DK-Takengon – Sebanyak 781 kepala keluarga (KK) korban bencana di Aceh Tengah telah dipindahkan ke hunian sementara (huntara) sebagai tahap awal relokasi ke lokasi yang lebih aman.
Kepala BPBD Aceh Tengah, Andalika, mengatakan jumlah tersebut merupakan hasil validasi dan pendataan awal terhadap warga terdampak.
“Pemerintah setelah melakukan validasi dan pendataan kepada warga,” kata Andalika di Takengon, Jumat (20/2/2026).
Ia menjelaskan, huntara yang telah dibangun tersebar di beberapa kecamatan, salah satunya di Kecamatan Ketol. Di wilayah ini terdapat tiga desa terdampak, yakni Burlah, Serempah, dan Bintang Pepara, dengan total 252 KK yang sudah menempati huntara.
“Ini sebanyak 252 KK dibangun huntaranya di Kecamatan Ketol yang saat ini memang sudah menempati setelah diresmikan oleh Kepala BNPB beberapa waktu yang lalu,” ujarnya.
Sementara itu, 529 KK lainnya akan direlokasi ke enam lokasi huntara di Kecamatan Linge dan sekitarnya.

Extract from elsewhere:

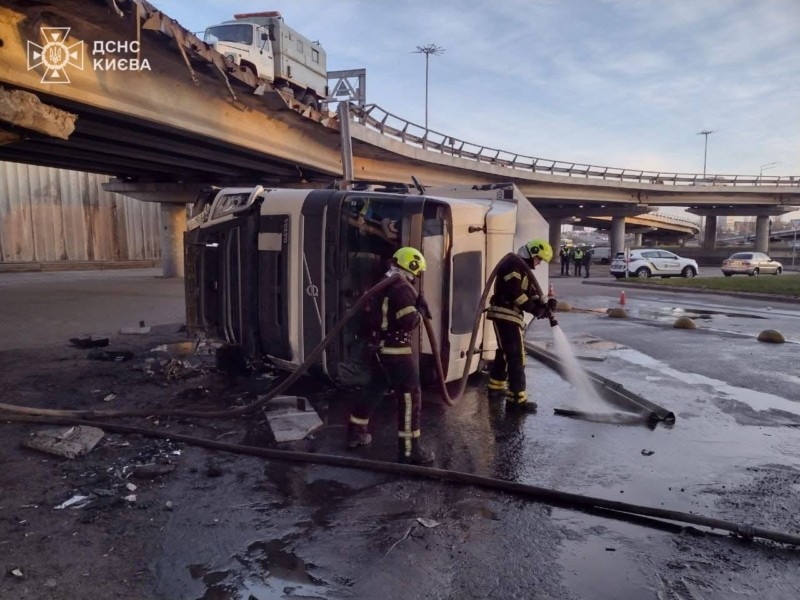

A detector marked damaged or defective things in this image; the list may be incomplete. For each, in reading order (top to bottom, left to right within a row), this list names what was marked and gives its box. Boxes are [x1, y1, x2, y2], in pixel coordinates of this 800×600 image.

Desa-desa tersebut meliputi Umang, Penarun, Jamat, Delong Sekinil, Reja Payung, dan Kutin Reja.
BPBD Aceh Tengah menargetkan seluruh warga terdampak sudah dapat menempati huntara sebelum Hari Raya Idulfitri.

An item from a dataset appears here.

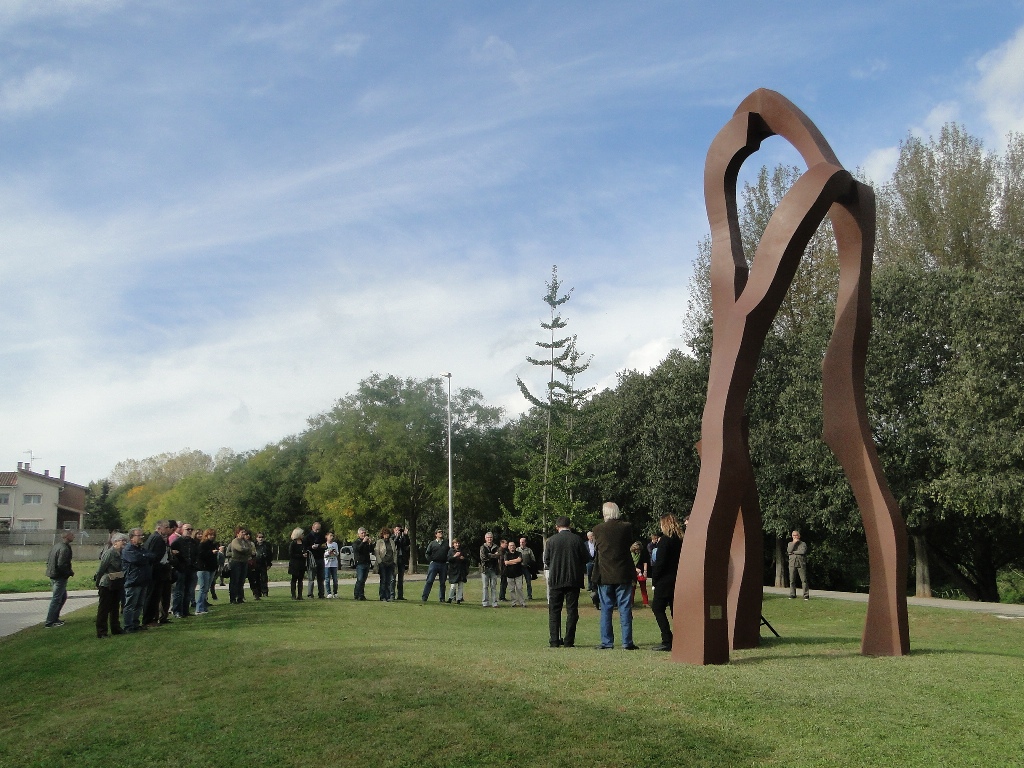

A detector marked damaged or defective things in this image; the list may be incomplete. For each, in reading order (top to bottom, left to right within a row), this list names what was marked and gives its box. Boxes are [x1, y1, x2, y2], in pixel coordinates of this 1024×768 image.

rusted corten steel sculpture [675, 88, 909, 667]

“Mudah-mudahan kami terus berupaya sebelum Lebaran mereka dapat menempati huntara. Tapi, harapan besar kami sebelum Lebaran mereka harus sudah masuk ke dalam huntara itu,” kata Andalika.
Selain 781 unit huntara yang tersedia, pemerintah juga mengajukan tambahan 285 unit kepada Badan Nasional Penanggulangan Bencana (BNPB) guna memenuhi kebutuhan warga terdampak lainnya.
Sebelumnya, Kementerian PPN/Bappenas melaporkan kebutuhan pendanaan rehabilitasi dan rekonstruksi pascabencana di Sumatra mencapai Rp56,3 triliun. Dana tersebut akan digunakan untuk mendukung 2.108 kegiatan selama tiga tahun ke depan.